Statoil said joint ownership for the total acreage is not affected by the split of drilling and operations responsibilities. Reuters has reported that Talisman is looking to sell its Eagle Ford acreage and raise as much as $2 billion.
Bill Maloney, head of Statoil in North America, said the company generally is shifting away from joint ventures — which it has used as a way to learn about U.S. shale development — and into operating its own assets.
The company also entered the Marcellus Shale in Pennsylvania in 2008 by buying a stake in Chesapeake Energy’s acreage, and has since purchased its own acreage to operate.
“We felt we needed to be hands on,” Maloney said. “It’s nice to watch. It’s better to do.”
The company has about 52 employees and contractors in the Eagle Ford now, but expects to grow to more than 100 employees and contractors by next year.
Statoil and Talisman have been transitioning aspects of operations for the eastern acreage for several months now, with Statoil starting to run three rigs in the field in April.
Andrea Kubik, vice president for the company’s Eagle Ford asset, said the company currently is drilling in Live Oak and Karnes counties.
The drilling is focused on where the company needs to start producing to keep its acreage, a term called “held by production.” But Kubik said that going forward, most of the acreage will be held, allowing it to drill multiple wells per site, which saves time and money.
In addition to the Eagle Ford and Marcellus, Statoil is also in the Bakken Shale in North Dakota. It has operations in 35 countries and Texas offices in Houston and Austin.

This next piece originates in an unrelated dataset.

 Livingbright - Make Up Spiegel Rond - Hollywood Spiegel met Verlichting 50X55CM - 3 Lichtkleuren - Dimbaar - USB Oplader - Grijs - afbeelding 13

Statoil holds about 73,000 net acres in the Eagle Ford, and Maloney said the company will add more land — if it can.
“If we can get good acreage at a good price, you bet,” he said. “It’s much easier said than done in all three plays we’re in. People know where the good acreage is now. The bargains are gone”
Its share of Eagle Ford production is about 20,200 barrels of oil equivalent per day from around 300 producing wells.